Summer Camp for Kids and Grown-ups

Cornell summer camp for kids and grown-ups

The first time I visited Cornell University I knew I wanted to study there.

I loved it: the gorges, the greenery, the smart students, the pedestrian-friendly campus, and the size.

I didn’t want to be at a small school where people would know too much about me. I wanted to be somewhere where I could pursue my sundry interests (cell evolution, Freud’s theories, Sembene Ousmane’s novels), take horseback riding for gym class, and never run out of options. I also loved that Cornell was the only Ivy League school that has four state-supported colleges and that lots of students came from New York City with their stylish shoes and fast talking. It felt less snobby to me than a purely private university.

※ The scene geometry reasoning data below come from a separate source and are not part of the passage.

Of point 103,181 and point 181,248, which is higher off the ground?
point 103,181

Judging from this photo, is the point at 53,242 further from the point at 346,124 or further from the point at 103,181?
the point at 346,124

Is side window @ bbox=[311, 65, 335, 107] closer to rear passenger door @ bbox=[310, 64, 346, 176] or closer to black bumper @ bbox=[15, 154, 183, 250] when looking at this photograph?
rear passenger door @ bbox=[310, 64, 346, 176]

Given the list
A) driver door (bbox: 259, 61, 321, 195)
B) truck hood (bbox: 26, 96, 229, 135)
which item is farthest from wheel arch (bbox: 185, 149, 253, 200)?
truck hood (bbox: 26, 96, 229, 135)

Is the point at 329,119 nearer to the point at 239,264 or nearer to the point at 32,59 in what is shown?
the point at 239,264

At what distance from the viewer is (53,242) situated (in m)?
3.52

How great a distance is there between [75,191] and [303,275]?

Cornell was as amazing as I expected. I loved my three years in Ithaca (I spent my junior year abroad), appreciated the diversity at the school, and got an outstanding education.

Twenty-two years later, our family is spending the week in Ithaca. We’re at Cornell camp — an innovative program that combines summer camp for kids with summer programs for grown-ups. We’re staying in the dorms (they’re overairconditioned and the blinds don’t close all the way, my two major complaints), eating on the meal plan (danger alert: dessert options at every meal), and studying.

James is taking a sculpture class from a famous Italian American sculptor, Roberto Bertoia, who has been teaching at Cornell for 30 years.

My 12 (“almost 13, Mom”)-year-old is taking horseback riding.

My 11-year-old is studying cartooning, which she likes so much that even though she was sick today she did not want to miss a second.

And my 8-year-old, who is the happiest of us all, is learning about architecture, spending his afternoons and evenings playing sports, and going back for seconds every night at the ice cream bar.

Our toddler is still too young to attend camp so she and I are tooling around Ithaca, checking out the playgrounds, exploring the suspension bridges, and having coffee with old friends. We get to see everyone at breakfast, lunch, and dinner.

Yesterday evening James stayed at the dorm while our son enjoyed the evening camp, Athena read her book in her dorm room, and Hesperus and I went to hear a lecture by a Cornell professor, Sahara Byrne, about how social media influences every aspect of our lives, starting before we’re born (Beyoncé’s baby sending out tweets) and continuing after we’re gone (Facebook memorial pages, new technology that will allow us to send messages to our as-yet-unborn great great grandchildren).

“This is going to be so boring Mo-om,” my 12-year-old (who had wanted to come) complained.

The lecture began. It was totally interactive, all about research on tweens and teens, and Hesperus was mesmerized.

“Boring?” I asked her when it ended.

“No, it was awesome.”

“She teaches classes about this stuff at Cornell.”

“I want to take a class with her!”

That, of course, is my secret hope — that at least one of our kids will want to go to Cornell, get accepted here, and have as good a college experience as I did.

Etani wants to stay two weeks (our next stop: to visit James’s family in Buffalo). We’re already talking about coming back next year. Want to come?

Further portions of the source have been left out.